Place the peanuts and raw sunflower seeds in a saucepan with water to cover.  Cover and cook for 15 minutes.  Drain off remaining water and reserve.  Place the cooked peanuts and sunflower seeds in a food processor.  Add the roasted sunflower seeds, the sesame seeds, the cumin seeds and about ½ cup of the reserved cooking water.  (Add more water if necessary to reach ½ cup.)  Process until blended.  Add the tomato paste and process until well blended.  Add more water, a small amount at a time, until mixture is a spreadable consistency.  Serve warm or cold.  Place a line of the filling down the center of the tortilla, layer on the toppings and salsa of your choice, roll up and eat.


Hints:  Store unused nuts and seeds in the freezer so they don't spoil. 

This simple, economical spread of split peas or mung beans has been one of our favorites for more than thirty years.


Preparation Time:  2 minutes
Cooking Time:  1 hour
Resting Time:  15 minutes
Servings:  8-10

2 cups split mung beans, chana dal or yellow split peas
5 cups water
1 ½ tablespoons curry powder (sweet, mild or spicy)
Salt to taste


Place the beans or peas and the water in a medium pot.  Bring to a boil, reduce heat, cover and simmer for 30 minutes.  Add the curry powder, mix well and cook uncovered for 30 minutes longer.  Transfer to a serving bowl and let rest for about 15 minutes, to thicken slightly, before serving.  


Hints:  Serve rolled up in a corn or flour tortilla with toppings of your choice.  My Dad and I like them topped with some Sriracha sauce, while my Mom just rolls them up and eats them plain. Or try this Dal over baked potatoes or rice.  It also makes a delicious sandwich spread when cold.

Artichoke Spread 
This is delicious as a spread for sandwiches, as a dip for crackers or veggies, or stuffed into pita and topped with chopped tomatoes, cucumbers and sprouts.


Preparation Time:  10 minutes
Servings:  Makes about 3 cups


2  14-ounce cans artichoke hearts in water, drained and rinsed
1  15-ounce can white beans, drained and rinsed
4 tablespoons lemon juice
2 cloves garlic, crushed
4 green onions, chopped
1 tablespoon soy sauce
? teaspoon cayenne pepper


Combine all ingredients in a food processor and process until smooth.


Hint:  2 packages of thawed frozen artichoke hearts may be used instead of the canned, if desired.

Cannellini Bean Spread
By Chef Kevin Dunn, for the Celebrity Chef Weekend, June 2009

Many of Chef Kevin's gourmet recipes involve several steps and quite a bit of preparation time.  This one is quick and easy and tastes wonderful!  Keep it in the refrigerator and use it as a sandwich spread all week.
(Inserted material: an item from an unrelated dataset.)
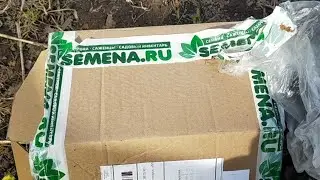 О  Чудо!!!👍 Отличная рассада земляники с сайта SEMENA RU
Preparation Time:  15 minutes (prepare 1 day early to allow flavors to blend)
Roasting time: 1 hour, 15 minutes
Servings:  makes 4 cups


4 cups canned cannellini beans, drained and well rinsed
½ cup vegetable stock
1 tablespoon fresh rosemary, chopped 
2 tablespoons roasted garlic (see hints below)
1 ounce balsamic vinegar
3 shallots, roasted un-skinned until tender (see hints below)
½ cup  roasted red bell pepper, finely chopped
salt and pepper to taste


Place 3 cups of the beans in a food processor with the vegetable stock, rosemary, roasted garlic, balsamic vinegar and roasted shallots.  Process until smooth.  Add the remaining beans and the roasted bell pepper and process briefly.  Place in a bowl and season with salt and pepper.  Refrigerate for at least one day to allow flavors to blend.  Warm gently and spread on bruschetta, topped with diced tomatoes and slivered basil, for a special presentation.
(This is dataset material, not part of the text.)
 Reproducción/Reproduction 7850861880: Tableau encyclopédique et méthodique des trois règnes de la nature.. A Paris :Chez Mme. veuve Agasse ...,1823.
Hints:  To roast shallots, wrap them in parchment paper, then wrap in foil, roast in an oven at 400 degrees until tender, then cut off the ends and squeeze out the inside.  To roast garlic, place the whole unpeeled head in a baking dish, add a small amount of vegetable stock, cover the dish with foil, and roast at 400 degrees for 1 hour and 15 minutes.  Allow to cool slightly, then cut off the top of each head, invert the garlic and just press out the insides into a bowl.  The roasted garlic will keep in the refrigerator for about a week.

Savory Lentil Spread 
Preparation Time: 15 minutes
Cooking Time: 45 minutes
Servings: makes about 4 cups


4 cups water
1 cup uncooked brown lentils 
½ cup vegetable broth
1 onion, chopped
1 teaspoon minced garlic
½ pound fresh mushrooms, sliced
1 ½ teaspoons basil
1 ½ teaspoons marjoram
1 teaspoon rubbed sage
1 teaspoon rosemary
1 teaspoon thyme
1 teaspoon dry mustard
¼ teaspoon black pepper
¼ teaspoon allspice
¼ teaspoon ground ginger
¼ teaspoon cayenne
2 tablespoons soy sauce
1 tablespoon sherry


Place water and lentils in a saucepan and cook, covered, until lentils are tender, about 45 minutes. Drain and set aside. 

Meanwhile, place the vegetable broth, onions and garlic in a non-stick pan. Cook and stir occasionally for about 5 minutes, until onions are soft. Add mushrooms and cook 5 minutes more. Add herbs and spices, cook and stir another 10 minutes, adding a bit more vegetable broth if needed. Add cooked lentils, soy sauce and sherry. Cook and stir until liquid is absorbed and mixture starts to stick to the bottom of the pot.

Place in a food processor and process until fairly smooth.

Serve warm or cold as a spread for bread or crackers.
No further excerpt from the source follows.